If there’s any organisation that has done so much for Fiji’s micro enterprises, it is the South Pacific Business Development (SPBD) Fiji.
This can be attested to by its members, currently over 7000 women micro-entrepreneurs across Fiji whose lives have been touched and changed by its services and whose families have benefited in more ways than just monetary, whether it’s putting food on the table, sending their children to school, building or improving their homes and even in the fulfilment of village and church obligations.
As its founder Greg Casagrande pointed out, “the SPBD network is all about providing meaningful economic opportunity for thousands of hardworking and aspiring women entrepreneurs across Fiji and the Pacific.”
An American businessman and passionate social entrepreneur dedicated to the development of microfinance in the Pacific, Mr Casagrande was in Fiji this week to open SPBD Fiji’s Nausori branch, its first in Nausori and 10th branch Fiji-wide.
The secret of SPBD’s success is in its grassroots reach and maintaining that reach through its clockwork program of keeping in close contact with its members.
Aspiring micro-entrepreneurs are provided with small business training, unsecured credit and ongoing guidance and motivation to help them start and grow small income- generating businesses.
“All of our interactions with our members happen in villages. Each week across the Pacific, we hold nearly 2000 village-based meetings, each and every week of the year,” Mr Casagrande said.

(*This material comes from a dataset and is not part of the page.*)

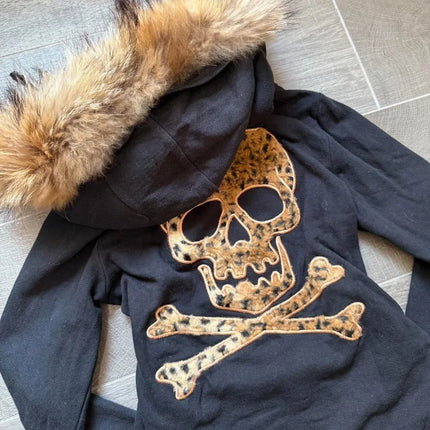 Y2K Harajuku New Fashion Skull Embroidery Plus Velvet Padded Casual Joker Vintage Popular Hip Hop Couples Fur Collar Coat Tops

“This is where the ongoing guidance and motivation happens. Once members have their businesses up and successfully going, we also provide financing for basic housing improvements and for childhood education.”
While officially opening the office, Mr Casagrande spoke directly to the handful of women present about the words of famous and successful American businessman Walt Disney who was attributed the quote: “the way to get started is to quit talking and begin doing.”

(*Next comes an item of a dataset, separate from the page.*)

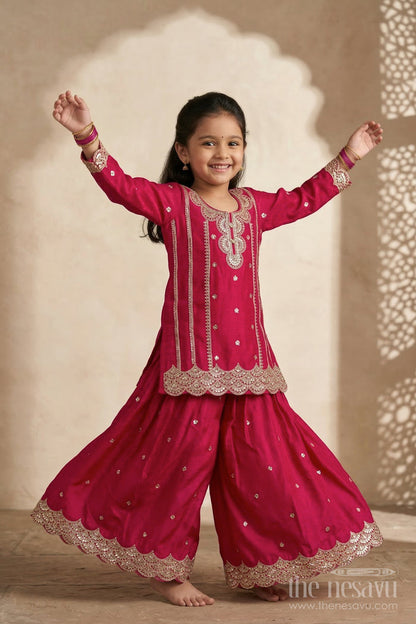 The Nesavu Girls Sharara / Plazo Set Girls Sharara Set for Wedding Functions Nesavu 24 (5Y) / Red / Viscose Silk GPS974A-24 Nesavu girls viscose silk sharara set with sequin embroidery for weddings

“To our members, if your dream is to grow your income, like building an enduring business, or if your dream is to improve your home and your living conditions, or if your dream is to see your children graduate with a university education, please know that none of these dreams are beyond your hopes – they are all achievable,” he said.

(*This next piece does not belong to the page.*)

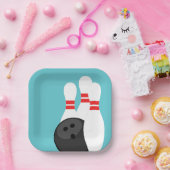 ティール（緑がかった色）ブルーボーリングパーティー紙プレート ペーパープレート (パーティー)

Mr Casagrande’s leadership in microfinance in Fiji and the Pacific is unrivaled and the results of his visionary work with “the base of the pyramid micro-entrepreneurs” as he calls it, speak for themselves.
“We have been working here in Fiji since December 2010 and during that 13 plus years, we have now worked with over 20,000 women micro-entrepreneurs and we have provided them with over 32000 loans totaling over $100m in unsecured credit,” he said.
“Across the broader SPBD microfinance network, we have now worked with over 115,000 women micro-entrepreneurs and have provided them with over 300,000 unsecured loans totaling over $600m. So I like to think we are an organisation that ‘does’. We’re much more than an organisation that talks.”
SPBD has been working in the Pacific for nearly 25 years since its establishment in Samoa in January 2000 and today, its services are available across five Pacific countries – Samoa, Tonga, Solomon Islands, Vanuatu and here in Fiji.